Work request: Print the lines below from the line with "Italy's Andrea Pirlo" to the line with "Formally dressed man" exactly, keeping both ends, and print no pictures.

Dataset content:
######

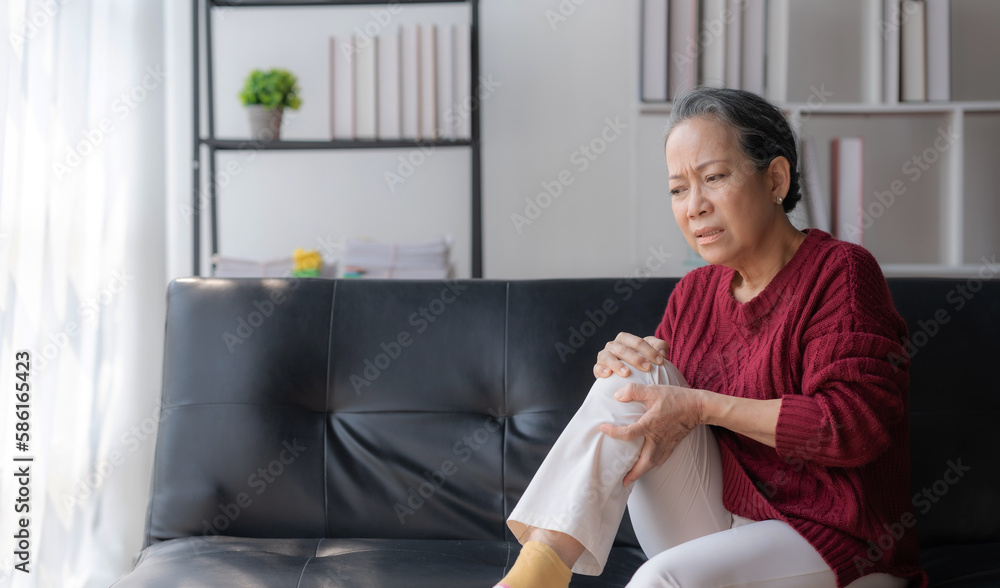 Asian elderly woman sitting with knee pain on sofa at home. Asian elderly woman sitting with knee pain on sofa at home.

######

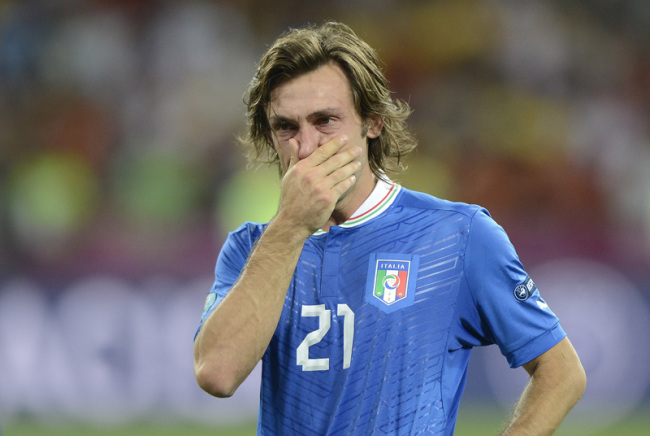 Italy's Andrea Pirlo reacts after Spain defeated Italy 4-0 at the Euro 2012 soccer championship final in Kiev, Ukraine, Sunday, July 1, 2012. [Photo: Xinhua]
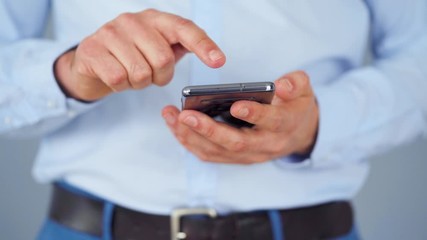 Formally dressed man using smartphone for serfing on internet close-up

######

Response below:
 Italy's Andrea Pirlo reacts after Spain defeated Italy 4-0 at the Euro 2012 soccer championship final in Kiev, Ukraine, Sunday, July 1, 2012. [Photo: Xinhua]
 Formally dressed man using smartphone for serfing on internet close-up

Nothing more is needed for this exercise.